Euclidean distance [14]

The calculation of the distance between participants will be performed, where the value of the module of the difference between variables of the same type does not exceed a threshold. This restriction will make it possible to establish the maximum distance tolerated, which shall not entail a significant difference in a single variable.

Algorithm for the selection of experimental pairs.

The algorithm follows a sequential process in which it makes a decision at each step. It must select the minimum distance among the options available and then in the next step the algorithm has an identical problem, but with fewer options than in the previous step, and applies the same selection function to make the following decision [13].

3 Case for the Validation of the Protocol

A series of actions were taken to demonstrate the level of initial reliability and validity of the measurement instruments. The characteristics included in the formation of experimental pairs are: Comprehension of a Specification (CILP3), Comprehension of a Pseudocode (CILP4), Algorithmic Ability (CILP5), Theoretical Knowledge (CDLP2) and Comprehension of the Source Code (CDLP3).

To perform the initial pilot test, we recruited people of legal age who declared to know C programming language, and formed a group of 14 programmers. After each participant was characterized, they were asked to solve a task of medium complexity. Then, the protocol for the formation of experimental pairs of programmers was applied in order to determine whether the members of each experimental pair showed any significant differences in solving the task. If the experimental pairs formed by applying the protocol do not present significant differences when solving the same task using the same language, both the instruments and the protocol for the formation of experimental pairs can be deemed to have reached a stable version.

The results obtained from the characterization process are shown in Table 3. Table 4 presents the corresponding distance matrix. The intersections painted in black represent the subjects who should be ruled out since they have shown a distance over fifty percent in at least one of their dimensions. The experimental pairs obtained after applying the algorithm are highlighted in gray. Finally, the time differences between the programmers in each experimental pair are presented Table 5.

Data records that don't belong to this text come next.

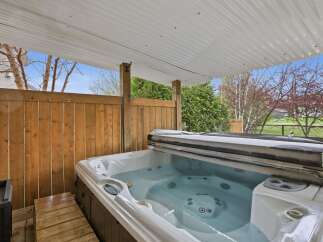Relax and unwind in this luxurious hot tub, perfect for enjoying the outdoors in any season.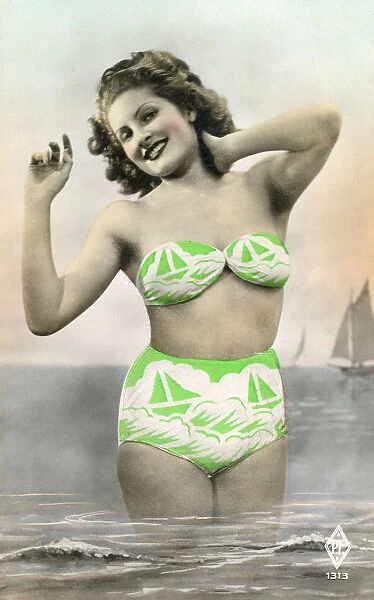 Pin-up girl on postcard in lime green nautical bikini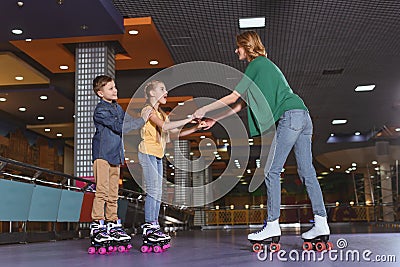 side view of mother and kids skating together Stock Photo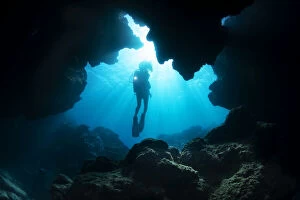 Dave Fleetham Underwater Photography Collection: Diver exploring cavern, Yap, Micronesia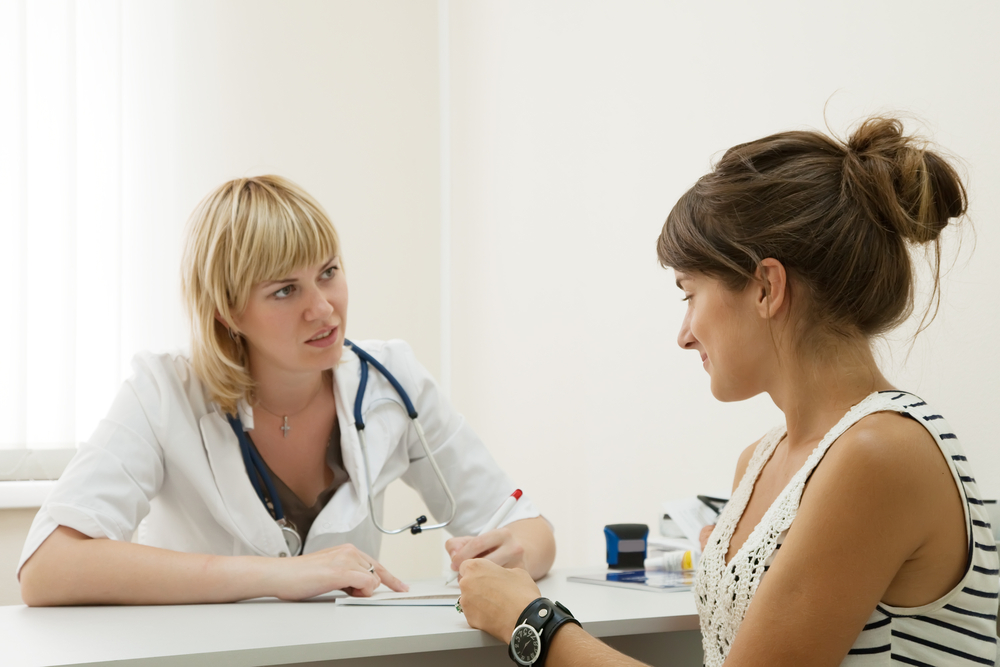 woman speaking with doctor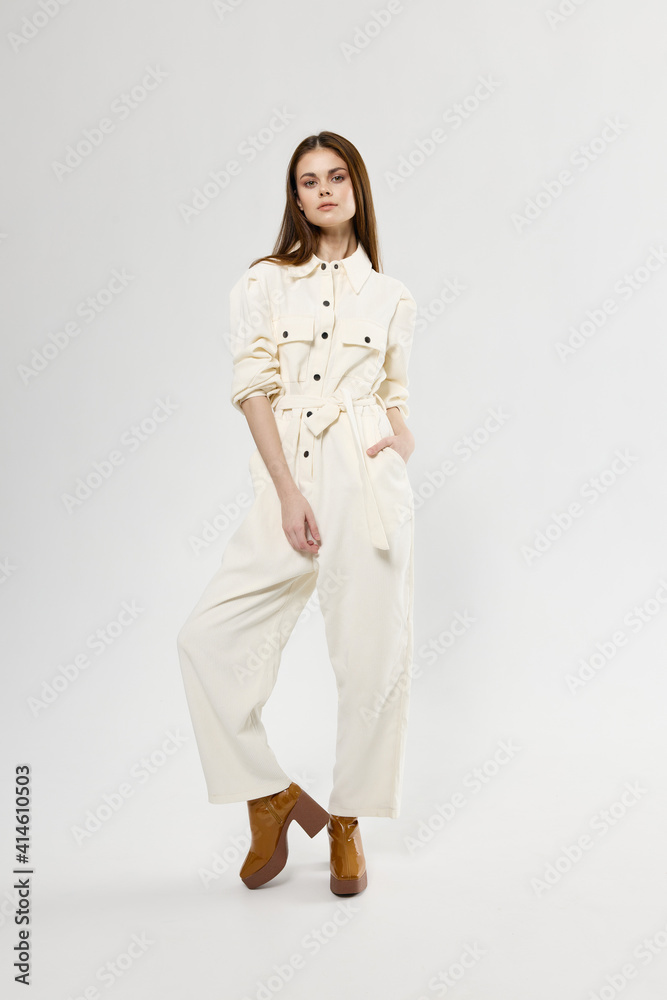 beautiful brunette in a jumpsuit and brown boots in full growth beautiful brunette in a jumpsuit and brown boots in full growth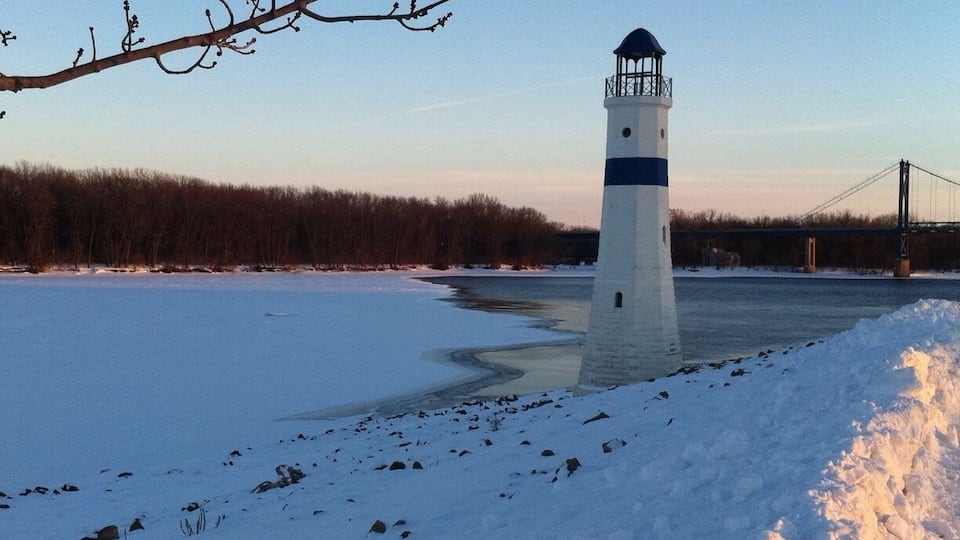 A lighthouse on a snow-covered shore with a bridge in the background.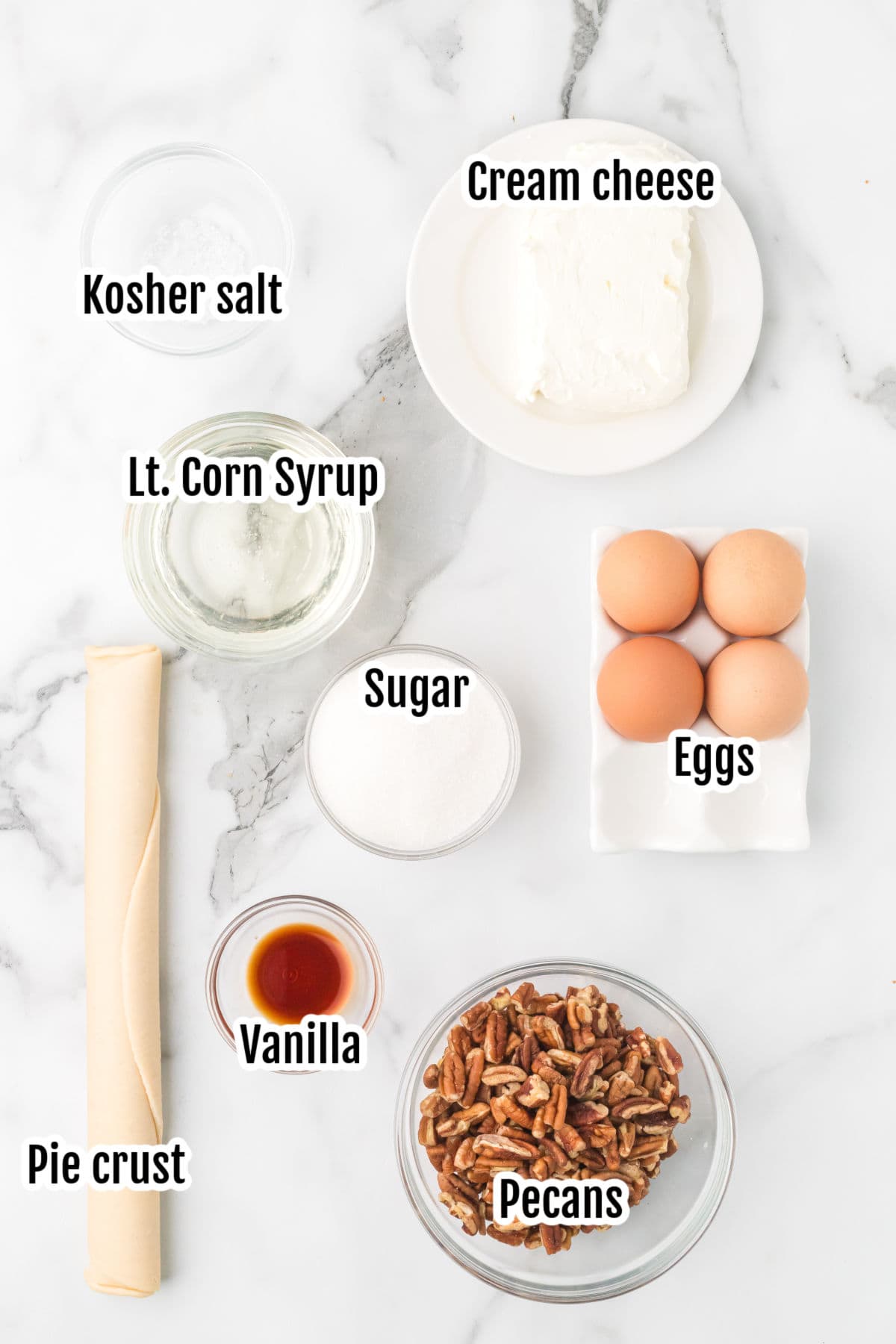 The ingredients needed to make a cheesecake-and-pecan-pie combination.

Table 3. Normalized results of the characterization.
Table 4. Distance matrix
Table 5. Differences in time spent by each member of the experimental pair

With regard to the time spent to perform the characterization, the average time for the characterization that was independent of the programming language was 28 min; for the characterization dependent on the programming language, the average was 19 min; and for the interview, an average of 6 min was used for each participant. In Table 5, it can be observed that there are no significant differences between the members of the experimental pairs of programmers in relation to the time spent on solving the same task.

4 Conclusions and Future Work

With the aim of proposing a protocol for the formation of experimental pairs of programmers, a document analysis was conducted on the benefits brought by this type of experiment to the software engineering sector. Two instruments were designed to characterize programmers. Using the data obtained from these characterization instruments, a procedure for the formation of experimental pairs was defined.

Finally, a validation case was implemented to verify whether the members of the experimental pairs obtained showed any differences in solving the same programming task.

It can be concluded that in terms of the formation of experimental pairs of programmers, the protocol worked satisfactorily and it is thus considered to have an acceptable level of reliability, validity and objectivity since it was consistent in the results provided.

The future lines of work identified are the need to: (1) apply the protocol to other programming languages and (2) use the protocol to form experimental pairs of subjects using different programming languages in order to determine whether a given programming language affects computing productivity.